おだやか日記

訪問栄養士の時代。栄養の大切さ~フレイル、サルコペニア、褥瘡など~

おだやか診療所です。

本日は、これからの在宅療養の主役となるであろう「栄養」についてお話しします。

フレイルとは

ここ最近、サルコペニアとともに急に注目され始めました。フレイルとは、「加齢とともに心身の活力(運動機能や認知機能等)が低下し、複数の慢性疾患の併存などの影響もあり、生活機能が障害され、心身の脆弱性が出現した状態であるが、一方で適切な介入・支援により、生活機能の維持向上が可能な状態像」のことです。簡単に言えば、「加齢、低栄養、さまざま疾患に伴い、心身ともに脆弱した状態」のことです。なお、次に記載するサルコペニアもフレイルの原因となります。

健康長寿ネットホームページより引用

上記の図でも明らかなように、「低栄養」がフレイルの原因となります。また、心不全などもタンパク質の摂取量低下などで悪化します。さらに、貧血や骨折なども低栄養が原因となることもあります。

 

サルコペニアとは

サルコペニアとは、「加齢や疾患により、筋肉量が減少することで、握力や下肢筋・体幹筋など全身の「筋力低下が起こること」を指します。または、歩くスピードが遅くなる、杖や手すりが必要になるなど、「身体機能の低下が起こること」を言います。

健康長寿ネットホームページより引用

上記の図はサルコペニアの診断フローチャートです。これを見ると、サルコペニアとはまず筋力の低下があることがわかります。筋力低下により、運動機能が低下し、その結果歩行スピードが遅くなります。なお、上記フレイルの図を見るとわかりますが、フレイルの一部にサルコペニアがあるとも言えます。個人的にはフレイルにまとめてしまったほうがわかりやすいと思います。

さて、サルコペニアの治療に大切なことは、まず筋肉のもととなるたんぱく質をしっかりとること、そしてリハビリテーションなどの運動療法となります。

 

褥瘡

褥瘡については、在宅療養に関わる人は一度は経験したことがあると思います。

健康長寿ネットホームページより引用

上記の図を見るとわかる通り、褥瘡は圧迫されやすい部分にできやすいのです。褥瘡の治療ですが、軟膏を使用したりガーゼを使用したり、壊死組織を切除したりといろいろありますが、一番大切なことはやはり栄養、特にたんぱく質をしっかりとることと、除圧です。

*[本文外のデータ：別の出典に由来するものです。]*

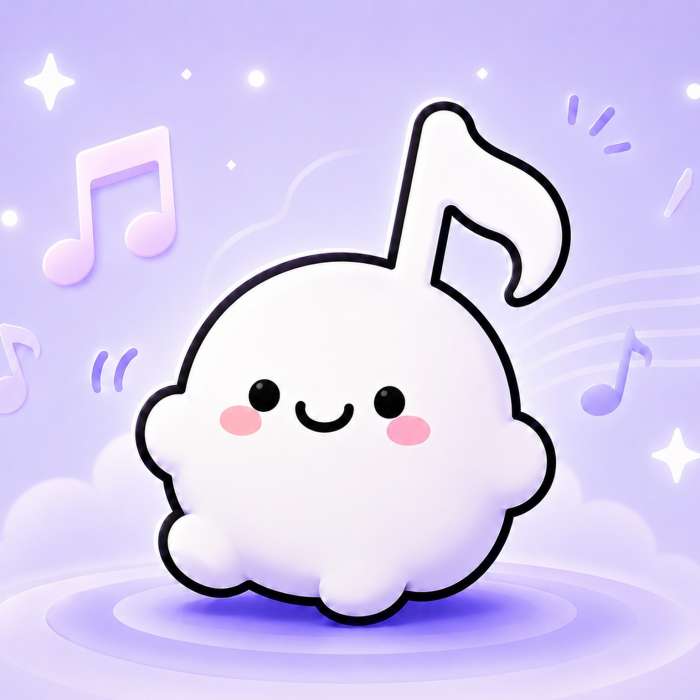 音咕岛 2026最新版 v1.1.2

極端に言えば、最高の褥瘡処置を行っても、栄養が取れなければ治りません。逆に、大した処置をしなくても栄養をしっかり取り、除圧をしっかり行うと褥瘡は治ります。そのくらい、栄養は大切です。

 

まとめ

フレイル、サルコペニア、褥瘡、これらは在宅療養を行う患者さんによくみられます。そして、これらの治療で一番大事なことは栄養、特にたんぱく質をとることです。栄養を取ることができなければ、医療的な治療やリハビリなどをいくら行っても改善しません。また、高齢者は腸管からのたんぱく質の吸収の効率が下がります。私が以前見ていた患者さんで、100歳ながら毎日とんかつを食べる方がいらっしゃいましたが、それでもタンパク質やアルブミンは低めでした。

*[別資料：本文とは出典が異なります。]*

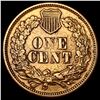 Image 2 : 1866 Indian Head Cent CLOSELY UNCIRCULATED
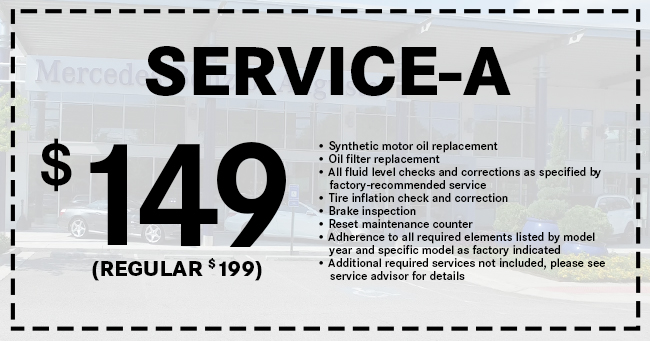 Service-A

そこで、患者さん一人一人に合わせた栄養を組み立てる「訪問栄養指導」が今後の在宅療養のカギとなると思います。もうすぐそこに、訪問栄養士の時代が来ています。高齢者はごはん(米)などの糖質が好きな方が多いのですが、糖質はほどほどにして、タンパク質をしっかりととる必要があります。在宅療養をおだやかに過ごしていくためには、お肉や魚などのたんぱく質をしっかりと食べましょう!

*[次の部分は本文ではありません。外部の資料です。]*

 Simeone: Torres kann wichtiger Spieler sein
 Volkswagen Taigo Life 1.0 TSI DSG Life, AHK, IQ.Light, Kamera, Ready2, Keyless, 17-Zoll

ただし、いくら栄養に配慮した食事であっても、思わず食べたくなるような美味しい食事でないと意味がありません。薬と同じですが、食べたり飲んだりしてくれないと意味がないのです。そのあたりをしっかり工夫し、利用者さんが食事をしっかりとり健康状態を保っているデイサービスが大田区にあります。いずれそのデイサービスについても書いてみたいと思います。